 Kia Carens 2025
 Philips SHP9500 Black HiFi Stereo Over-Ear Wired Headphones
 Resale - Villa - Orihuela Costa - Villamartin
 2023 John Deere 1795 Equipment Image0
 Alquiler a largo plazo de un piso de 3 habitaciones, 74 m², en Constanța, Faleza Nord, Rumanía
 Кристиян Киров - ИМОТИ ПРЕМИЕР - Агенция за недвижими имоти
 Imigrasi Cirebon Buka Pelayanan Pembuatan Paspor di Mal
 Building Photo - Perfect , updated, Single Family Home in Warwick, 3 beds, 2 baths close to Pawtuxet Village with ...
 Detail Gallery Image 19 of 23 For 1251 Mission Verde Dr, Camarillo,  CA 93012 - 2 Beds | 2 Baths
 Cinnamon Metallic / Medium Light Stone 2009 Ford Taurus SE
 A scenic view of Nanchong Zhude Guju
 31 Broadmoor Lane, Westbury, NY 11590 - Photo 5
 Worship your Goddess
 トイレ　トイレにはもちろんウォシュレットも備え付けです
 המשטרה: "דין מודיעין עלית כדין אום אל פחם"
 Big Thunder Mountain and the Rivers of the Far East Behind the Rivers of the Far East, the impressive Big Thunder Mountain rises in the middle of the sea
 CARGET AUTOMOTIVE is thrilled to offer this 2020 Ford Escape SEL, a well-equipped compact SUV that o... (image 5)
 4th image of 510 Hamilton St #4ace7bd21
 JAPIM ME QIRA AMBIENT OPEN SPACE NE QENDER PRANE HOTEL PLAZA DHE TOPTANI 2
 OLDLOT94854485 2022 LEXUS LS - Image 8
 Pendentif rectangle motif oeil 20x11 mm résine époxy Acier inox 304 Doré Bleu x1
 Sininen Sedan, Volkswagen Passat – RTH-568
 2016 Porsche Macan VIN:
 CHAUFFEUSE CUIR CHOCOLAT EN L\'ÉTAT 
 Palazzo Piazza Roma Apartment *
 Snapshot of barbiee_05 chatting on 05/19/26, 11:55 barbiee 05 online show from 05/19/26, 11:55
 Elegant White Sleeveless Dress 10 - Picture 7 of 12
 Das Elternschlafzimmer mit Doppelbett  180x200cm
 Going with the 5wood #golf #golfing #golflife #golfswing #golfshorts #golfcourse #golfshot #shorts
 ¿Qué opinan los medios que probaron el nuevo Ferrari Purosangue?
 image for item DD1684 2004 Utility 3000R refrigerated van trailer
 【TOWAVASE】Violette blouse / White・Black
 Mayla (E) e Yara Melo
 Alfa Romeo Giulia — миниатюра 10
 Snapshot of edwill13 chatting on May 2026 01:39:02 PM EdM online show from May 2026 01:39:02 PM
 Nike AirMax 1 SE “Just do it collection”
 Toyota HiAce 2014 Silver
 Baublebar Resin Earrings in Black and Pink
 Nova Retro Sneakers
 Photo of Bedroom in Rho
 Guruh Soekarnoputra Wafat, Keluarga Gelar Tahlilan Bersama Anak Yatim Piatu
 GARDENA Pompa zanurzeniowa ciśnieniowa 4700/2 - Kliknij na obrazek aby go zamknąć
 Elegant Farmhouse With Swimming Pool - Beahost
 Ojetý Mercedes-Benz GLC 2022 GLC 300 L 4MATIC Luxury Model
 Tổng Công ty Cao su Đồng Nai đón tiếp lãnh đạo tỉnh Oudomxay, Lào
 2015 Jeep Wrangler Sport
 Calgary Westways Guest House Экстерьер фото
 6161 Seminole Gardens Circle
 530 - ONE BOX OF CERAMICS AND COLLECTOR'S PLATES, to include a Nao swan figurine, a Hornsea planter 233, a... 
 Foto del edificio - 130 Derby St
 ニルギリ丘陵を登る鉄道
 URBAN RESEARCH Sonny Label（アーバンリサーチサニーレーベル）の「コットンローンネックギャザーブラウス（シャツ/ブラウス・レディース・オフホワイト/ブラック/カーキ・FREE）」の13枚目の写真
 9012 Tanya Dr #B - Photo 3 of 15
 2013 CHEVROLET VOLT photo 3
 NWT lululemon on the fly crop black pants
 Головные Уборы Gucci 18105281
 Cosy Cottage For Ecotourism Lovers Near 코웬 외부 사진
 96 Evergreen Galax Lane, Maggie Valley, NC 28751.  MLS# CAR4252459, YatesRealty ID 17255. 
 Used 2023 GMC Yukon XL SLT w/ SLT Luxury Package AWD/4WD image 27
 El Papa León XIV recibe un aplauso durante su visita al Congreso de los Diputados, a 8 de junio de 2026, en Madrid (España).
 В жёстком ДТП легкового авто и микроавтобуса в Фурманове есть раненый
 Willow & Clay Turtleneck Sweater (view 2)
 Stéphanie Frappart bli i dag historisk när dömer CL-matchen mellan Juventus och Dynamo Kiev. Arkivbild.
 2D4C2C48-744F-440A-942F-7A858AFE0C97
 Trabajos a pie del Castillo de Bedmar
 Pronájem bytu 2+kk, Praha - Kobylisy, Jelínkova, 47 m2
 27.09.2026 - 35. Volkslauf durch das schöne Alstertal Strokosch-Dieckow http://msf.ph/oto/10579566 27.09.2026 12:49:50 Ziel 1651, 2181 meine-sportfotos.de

**Your instructions:**
Extract exactly and only the lines above from the line containing "מודיעין עלית כדין" through the line containing "Toyota HiAce 2014 Silver", both end lines included.

**Finished task:**
 המשטרה: "דין מודיעין עלית כדין אום אל פחם"
 Big Thunder Mountain and the Rivers of the Far East Behind the Rivers of the Far East, the impressive Big Thunder Mountain rises in the middle of the sea
 CARGET AUTOMOTIVE is thrilled to offer this 2020 Ford Escape SEL, a well-equipped compact SUV that o... (image 5)
 4th image of 510 Hamilton St #4ace7bd21
 JAPIM ME QIRA AMBIENT OPEN SPACE NE QENDER PRANE HOTEL PLAZA DHE TOPTANI 2
 OLDLOT94854485 2022 LEXUS LS - Image 8
 Pendentif rectangle motif oeil 20x11 mm résine époxy Acier inox 304 Doré Bleu x1
 Sininen Sedan, Volkswagen Passat – RTH-568
 2016 Porsche Macan VIN:
 CHAUFFEUSE CUIR CHOCOLAT EN L\'ÉTAT 
 Palazzo Piazza Roma Apartment *
 Snapshot of barbiee_05 chatting on 05/19/26, 11:55 barbiee 05 online show from 05/19/26, 11:55
 Elegant White Sleeveless Dress 10 - Picture 7 of 12
 Das Elternschlafzimmer mit Doppelbett  180x200cm
 Going with the 5wood #golf #golfing #golflife #golfswing #golfshorts #golfcourse #golfshot #shorts
 ¿Qué opinan los medios que probaron el nuevo Ferrari Purosangue?
 image for item DD1684 2004 Utility 3000R refrigerated van trailer
 【TOWAVASE】Violette blouse / White・Black
 Mayla (E) e Yara Melo
 Alfa Romeo Giulia — миниатюра 10
 Snapshot of edwill13 chatting on May 2026 01:39:02 PM EdM online show from May 2026 01:39:02 PM
 Nike AirMax 1 SE “Just do it collection”
 Toyota HiAce 2014 Silver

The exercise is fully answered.